Il loro studio era focalizzato sulla modifica del gene chiamato HBB che codifica la β-globina e le cui mutazioni sono responsabili della β-talassemia.
I risultati tuttavia non furono particolarmente incoraggianti e spinsero il team a fermare la sperimentazione. Infatti degli 86 embrioni utilizzati, dopo 48 in cui CRISPR/Cas9 avrebbe dovuto sostituire il gene bersaglio e dare il tempo all’embrione di dividersi in 8 cellule, solo 71 sopravvissero. Di questi 54 furono testati geneticamente e solo su 28 il DNA era stato tagliato correttamente e solo in una piccola frazione era stato inserito il gene corretto.
Secondo le parole dello stesso Huang, la tecnologia era ancora immatura.

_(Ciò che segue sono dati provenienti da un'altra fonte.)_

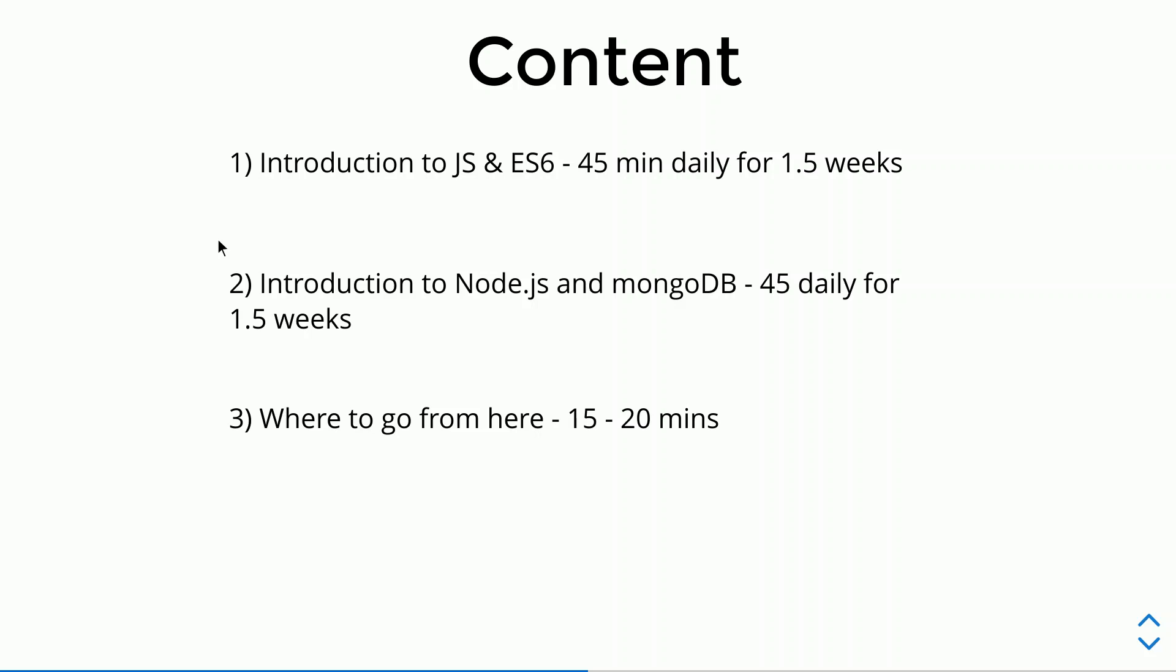In this section, we will cover the basics of Javascript and ES6. Why do we need to cover Javascript? Because NodeJS is built upon Javascript. If you have a very strong grip on Javascript fundamentals, you will easily grasp NodeJS.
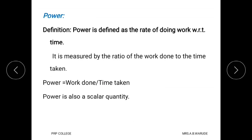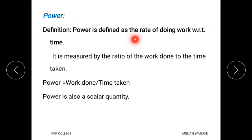Now, what is meant by power? The formula for work done is force into displacement. When there is a displacement due to force, that displacement occurs in a particular time. When we take the ratio of work done to the time taken, it is called power. The formula for power is: power = work done / time taken. Power is also a scalar quantity because it needs only magnitude, not direction. The definition of power is: it is defined as the rate of doing work with respect to time.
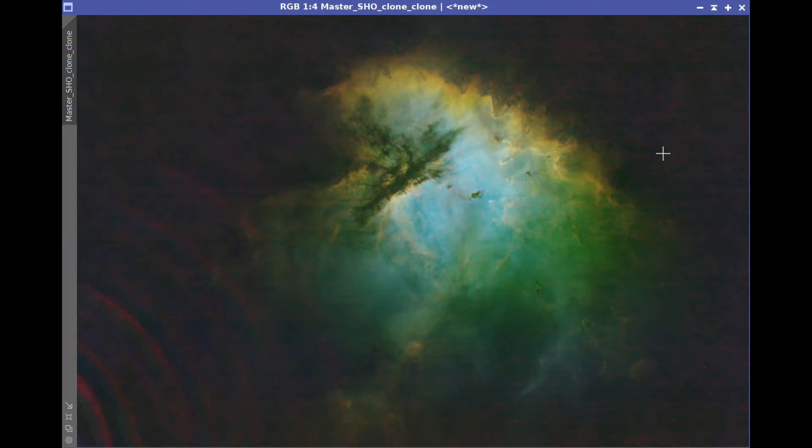I first noticed the problem when I was looking at the stretched color image and it was looking like it was primarily a red problem, which with the SHO mapping suggests that it was in the sulfur data. But when I looked at each master, I could see evidence of this artifact on all three. So it wasn't specific to one filter. I also looked at all of the subs and I noticed that all of the subs had this artifact as well. Given that it was seen on all of the subs, I have to assume this wasn't an artifact of the pre-processing operation.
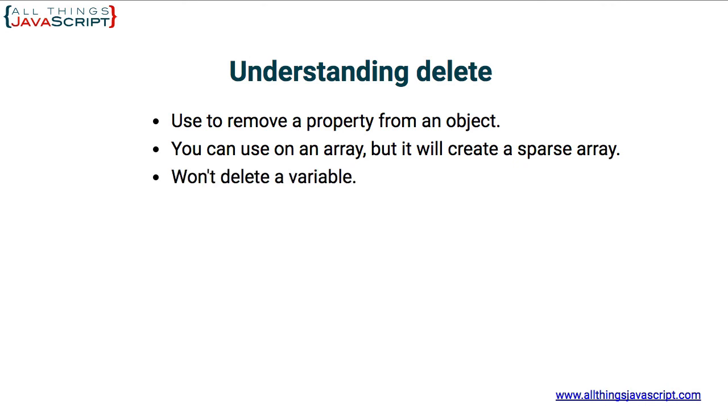And finally, you won't be able to delete a variable defined with var. You can do that in the console, so don't let that confuse you. But delete was not meant to delete variables. Hopefully, that provides a better understanding of delete.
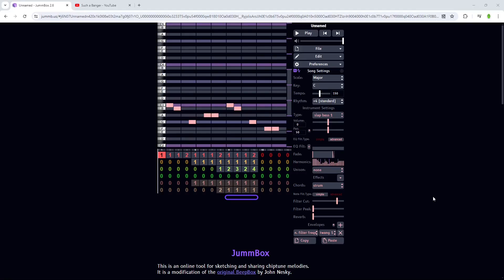So I was taking a trip down memory lane, looking at my old videos, and then I realized such a banger one. First of all, I realized that's a cringe name.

A distanza di tre anni, l’obiettivo di He Jiankui non è stato prevenire una malattia ereditaria, ma provare a fornire ai nascituri un tratto genetico che alcune persone presentano naturalmente, e che conferisce un’aumentata resistenza all’HIV. Lo scienziato ha cercato di disabilitare un gene chiamato CCR5 che forma una “porta proteica” che permette all’HIV di entrare nelle cellule. Gli embrioni utilizzati nell’esperimento infatti sono stati ottenuti da coppie in cui solo l’uomo era affetto da HIV.
C’è da aggiungere che lo scopo che ha guidato queste coppie a prestarsi all’esperimento non è stato tanto quello di ridurre il rischio che il nascituro contraesse la malattia. Infatti gli uomini sieropositivi erano già in cura con antiretrovirali che di fatto rendevano intrasmissibile il morbo e vi sono precauzioni che possono essere prese per evitare del tutto il rischio.
Invece, dal punto di vista di una famiglia abituata a fare i conti quotidianamente con il pericolo di sviluppare la malattia, la speranza era di dare ai propri figli una protezione in più per non contrarla neanche in futuro.

Come ci si potrebbe aspettare, se lo studio di Huang era stato aspramente criticato e i suoi risultati rifiutati da alcune testate scientifiche, il lavoro di Jiankui è stato immediatamente condannato dalla comunità scientifica.
Infatti, se gli esperimenti di Huang potevano far temere usi sconsiderati delle tecniche genetiche che andassero contro i basilari diritti umani, nell’esperimento dei Jankui questo uso è diventato reale e ci sono due persone che ne faranno esperienza sulla propria pelle.

Ancora una volta, le motivazioni che hanno spinto lo scienziato cinese ad agire possono essere state le più nobili, ma la quantità di incertezza connessa con una tecnologia, se non acerba, per lo meno molto giovane, è ancora così alta che appare del tutto inappropriato condannare degli esseri umani a fare da cavia involontariamente.

Certamente, ora che la frittata è fatta, non ci resta che sperare che la modifica del gene obiettivo abbia avuto gli effetti desiderati, senza effetti collaterali e che le due bambine godano di una salute perfettamente nella norma avendo inserito nella popolazione una nuova linea di discendenza con un’aumentata resistenza al virus.